X : Eh bien...oui. Certaines agences ont désormais à leur capital des fonds d’investissement qui ont pour but de générer un retour intéressant sur l’argent qu’ils investissent, ce qui a changé quelques logiques dans leur fonctionnement. Cela se fait au détriment des personnes représentées. Certaines de ces agences souhaitent aussi entrer en bourse. Il y a donc de nouveaux intérêts économiques importants à la manoeuvre.
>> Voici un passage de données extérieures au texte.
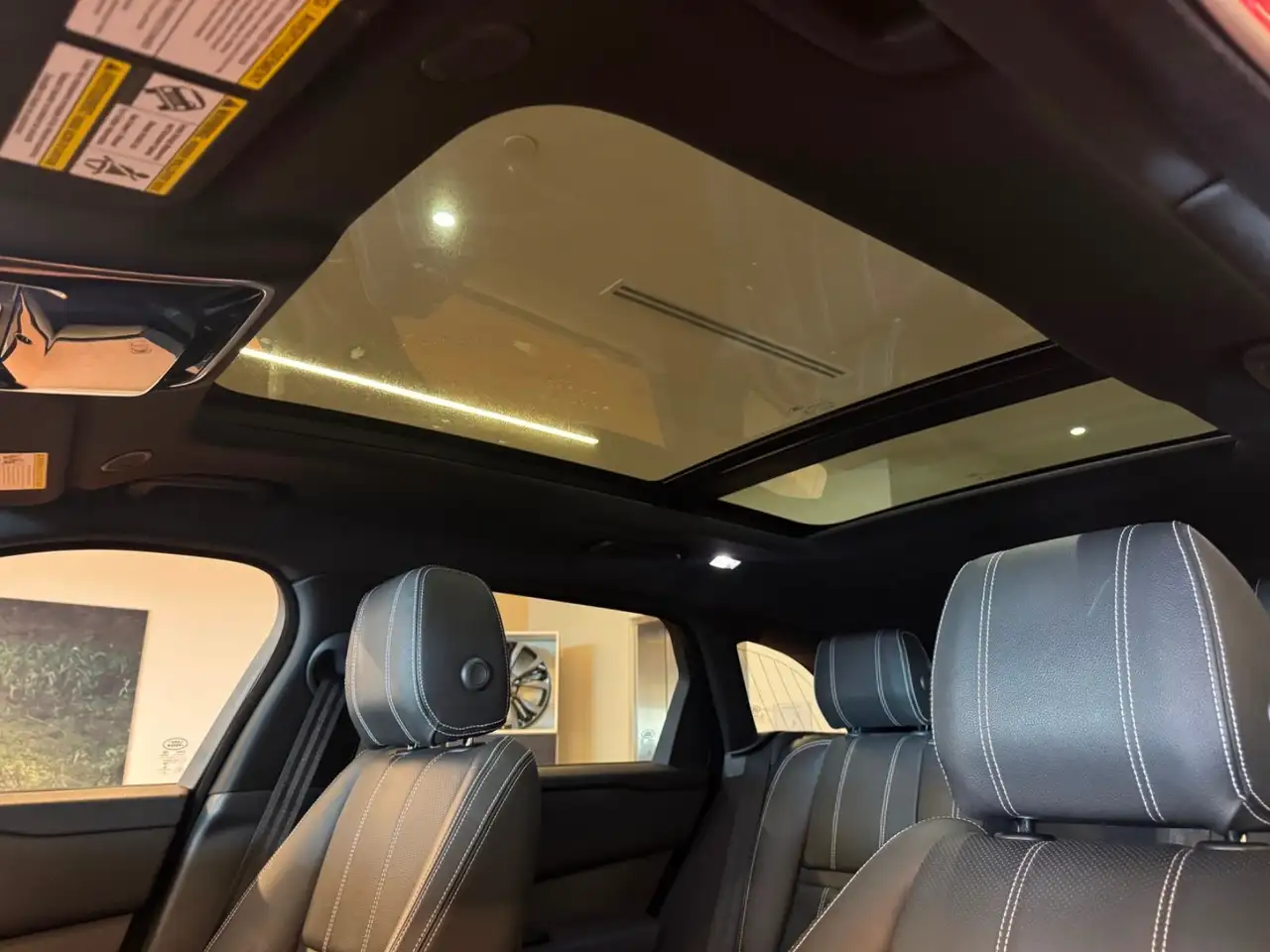 Land Rover Range Rover Velar photo Land Rover Range Rover Velar
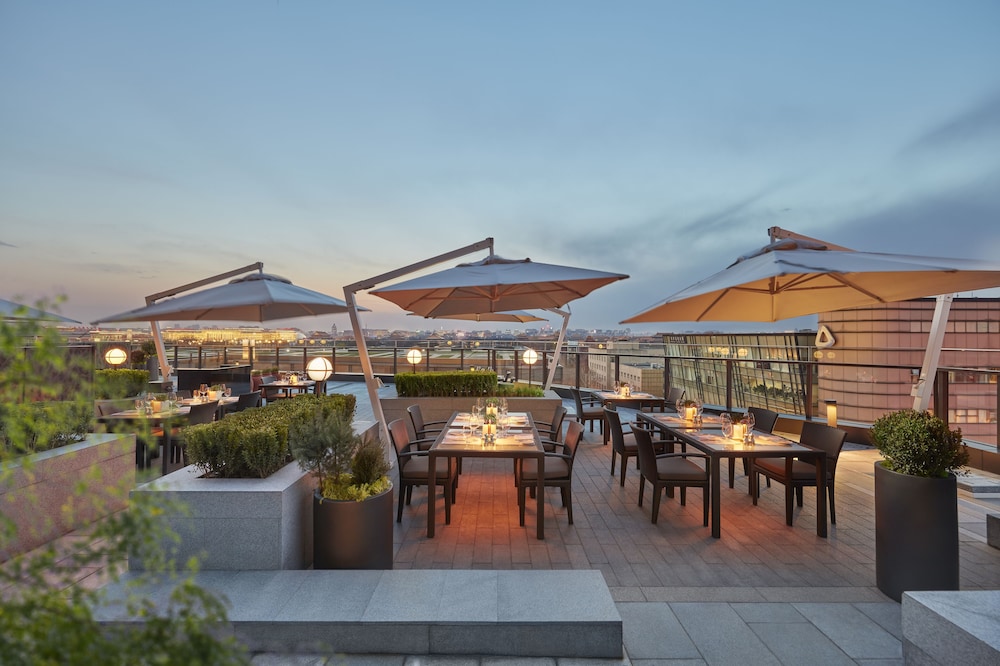 Mandarin Oriental Wangfujing, Beijing — Restaurant & bars in Beijing, Beijing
De plus les agences argumentent que changer la façon dont les choses marchent depuis des dizaines d’années, dont notamment le système du packaging et les frais qui vont avec, ne va pas arranger les choses pour les scénaristes, bien au contraire : certaines mettent en avant le fait que l’industrie a évolué, qu’il y a moins de films produits, que le format des séries s’est transformé, rendant le terrain défavorable aux auteurs. De ce fait, l’aide qu’offrent les agences aux scénaristes serait indispensable.
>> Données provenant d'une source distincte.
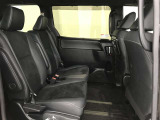 ゆとりある広々とした車内空間は、ドライブを始め買い物やレジャーなど、幅広く活躍します。一人でもみんなとでもお出かけを楽しみましょう!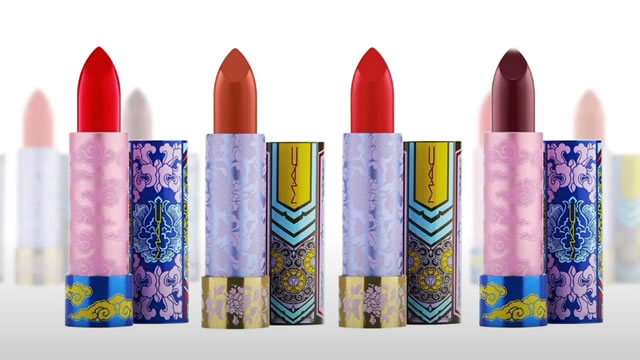 Estée Lauder's Beauty Gains Can't Offset Global Headwinds, Says Analyst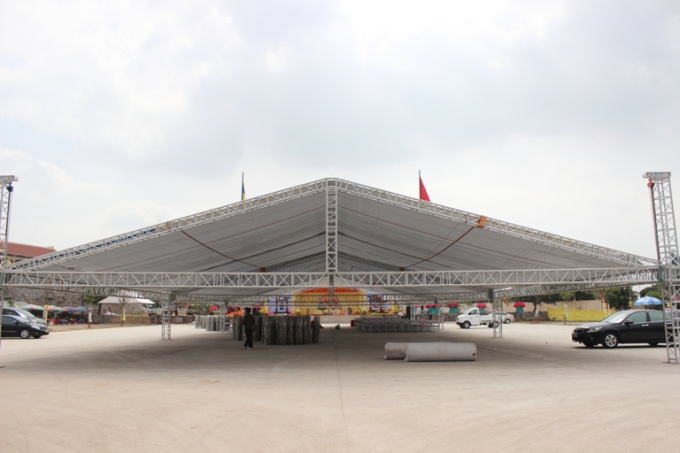 Y&ecirc;n Tử trước giờ khai hội: C&ocirc;ng trường ngổn ngang, d&ograve;ng người vẫn tấp nập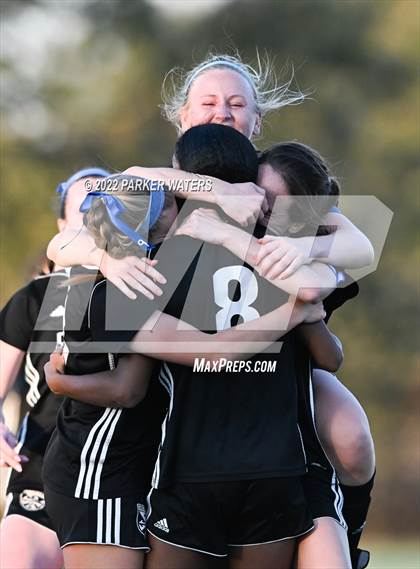 Thumbnail 1 in Dominican vs Mt. Carmel (LHSAA Div 1 Quarterfinals) photogallery.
T : Mais les négociations se passent bien quand même ou pas trop ?
X : Eh bien elles ont échoué! Et les quatre plus grosses agences ne veulent pas signer la nouvelle version de l’accord proposée par la WGA depuis, qui interdit les frais de packaging ainsi que les relations entre activités de représentation et de production. Une partie non négligeable de petites sociétés, pas concernées par ces interdictions, refuse aussi de signer l’accord, estimant que celui-ci pourrait leur nuire. Mais là ça devient très compliqué. Et entre temps, 7000 auteurs ont viré leur agent.
T : Mais la writers guild association avait pas déjà été en conflit avec une autre structure il y a quelques temps ?
X : Absolument Thomas, la guilde a haussé le ton à plusieurs reprises par le passé, notamment entre novembre 2007 et février 2008. Durant cette période la guilde des scénaristes est entrée en conflit avec une structure chargée de négocier des accords pour de nombreuses boîtes de productions TV et ciné américaine. Au centre des contentieux à l’époque : la négociation entre autre des rémunérations autour des contenus produits pour et diffusés sur les médias émergents, notamment sur internet. La grève a duré cent jours et a affecté de nombreuses séries pour lesquelles un script et des dialogues étaient nécessaires. Les perturbations engendrées ont poussé certaines chaînes à se tourner davantages vers les contenus de télé réalité. Et au terme des 100 jours de conflits, les gains de la guilde des scénaristes était mitigé.
Ce qu’il faut retenir donc, si l’on revient au conflit actuel, c’est que c’est vraiment tendu, parce que personne ne semble vouloir se mettre d’accord, et les conséquences de ce conflit pourraient être gravissimes pour le secteur du divertissement et de la machine à rêves qu’est Hollywood (peut-être que je suis sarcastique, on sait pas)
T : On verra bien comment cette nouvelle crise opposant les scénaristes à la machine hollywoodienne se débloquera - rapidement, je l’espère pour nous, spectateurs avides de grand spectacle et de paillettes. Merci Xavier, et à bientôt !
Grève des scénaristes à Hollywood : agents trop chers
Mais quel est ce conflit qui oppose actuellement les auteurs et scénaristes d’Hollywood à leurs agents ? Des histoires d’argent complexes, comme souvent dans le milieu du cinéma et de la télévision. Mais heureusement, Xavier Eutrope est là pour démêler la situation et nous en expliquer les tenants et aboutissants.